Это, без сомнения, было то, что нужно pour epate la coed[172] в Корнеллском университете. Следует, однако, заметить, что большая часть этих беспримерно нелепых оскорблений громоздится совершенно необоснованно и никак не связана с ЕО или Пушкиным вообще. Стоит также сказать, что великолепные переводы из Шекспира, выполненные «talentlos» Шлегелем, не утратив своего значения, прошли «the envious distance of ages» (у Пушкина: «веков завистливую даль»), тогда как кое-кто из более поздних переводчиков могут (вновь цитируя Пушкина, переведенного Набоковым) «glance by and vanish; this is known, though to admit it we don't wish». И уж совсем курьезно то, что набоковское поношение великих невероятно напоминает нелепые выходки определенного сорта русской литературной критики 1860-х годов, когда Писарев (названный в Комментарии «типом резким и жестким») ничтоже сумняшеся изображал Пушкина фривольным рифмоплетом.
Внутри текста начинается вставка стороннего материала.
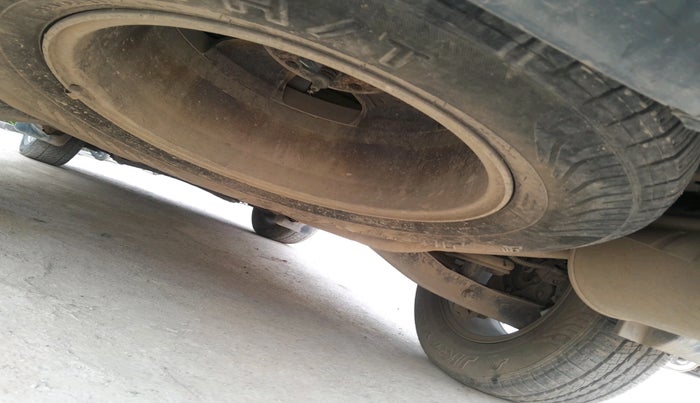 2014 Mahindra XUV500 W8, Diesel, Manual, 1,24,383 km, tyre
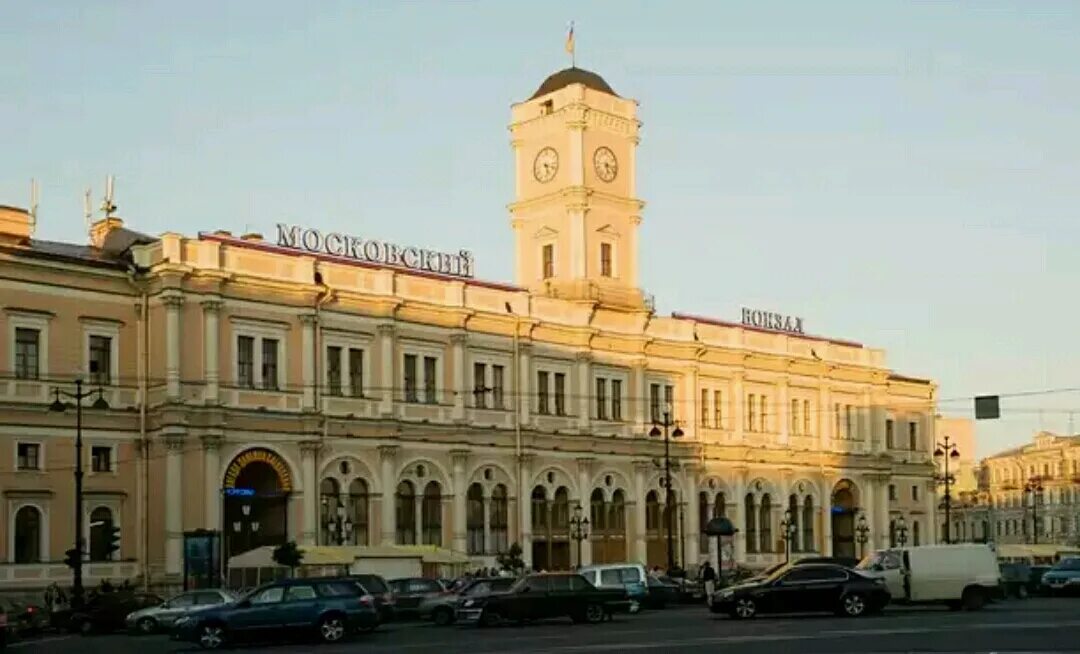 Московский вокзал спб где. Николаевский Московский вокзал в Санкт-Петербурге. Николаевский Московский вокзал. Николаевский (ныне Московский) вокзал Санкт-Петербурга.. Московский вокзал 1851.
Неудивительно, что определяемые настроением замечания Набокова о других комментаторах ЕО не отличаются ни сдержанностью, ни беспристрастностью. Он называет работы Н.Л. Бродского и Д.И. Чижевского «ничего не стоящими компиляциями» и постоянно обрушивается на них, указывая на малейшую ошибку в написании или сноске. Бродский, советский популяризатор, действительно во многом оправдывает сложившееся о нем мнение. Его старания превратить Онегина в радикала выглядят довольно жалко, на что указывали серьезные исследователи даже в советских изданиях[173], обстоятельство, которое Набоков прекрасно мог бы использовать; точно так же он мог бы упомянуть, что сам следовал Бродскому, по крайней мере в разделе «Пушкин о ЕО», содержание которого почти идентично высказываниям Бродского.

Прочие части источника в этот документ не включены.